Crabbe makes sense because he proved to be a very effective scorer in three seasons with California. Utah doesn't really have anyone on the roster who's proven to be a flat-out scorer, and Crabbe averaged 18 points a game last year and shot 38 percent from three-point range for his career.
One of the biggest selling points for Crabbe is his size. He's a 6'6" shooting guard with a staggering 6'11" wingspan. He and Alec Burks (6'6" with a 6'10" wingspan) could be a very exciting (and long) combination, as Burks spent some time at the point last year.

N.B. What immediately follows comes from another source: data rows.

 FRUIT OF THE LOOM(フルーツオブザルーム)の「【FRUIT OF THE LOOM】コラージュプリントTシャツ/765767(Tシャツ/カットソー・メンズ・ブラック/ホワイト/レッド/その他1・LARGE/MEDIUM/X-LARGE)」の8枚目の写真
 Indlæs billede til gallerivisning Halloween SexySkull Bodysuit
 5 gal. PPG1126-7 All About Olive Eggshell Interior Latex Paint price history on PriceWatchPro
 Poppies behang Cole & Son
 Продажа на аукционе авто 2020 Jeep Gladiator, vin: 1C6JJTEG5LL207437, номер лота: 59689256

As is often the case with second-round picks, the Jazz can get a little creative when they're on the clock at No. 46. There isn't a lot of risk in the second round because contracts aren't guaranteed. This allows teams to gamble.
A lot of scouts have questions about Nate Wolters' ability to cover NBA point guards on defense and to be able to get his own shots against them. Wolters didn't take part in the athletic testing at the pre-draft camp, so that only adds to that mystery.
But he's been a prolific scorer and leader for four years at South Dakota State, averaging 18.5 points, 5.3 assists and 4.7 rebounds a game during his career.
Any time a second-round pick pans out, it's like gravy on a team's draft. If not, they can be cut loose.
Another potential point guard option in the second round for Utah could be former Virginia Tech sharpshooter Erick Green.
Despite leading the nation in scoring last year at 25 a game, Green has received almost no attention heading into this draft.
The lack of attention could be attributed to the Hokies lackluster 13-19 season, but that shouldn't discredit Green's production. The 6'3" combo guard shot 48 percent from the field and 39 percent from three-point range. He also led his team in assists with a respectable average of 3.8 a game.
Utah needs a pure point guard more than a pure scorer, which could mean a bit of a transition for Green who had to carry his team last season. Teams usually expect a bit of a project with any second-round pick though.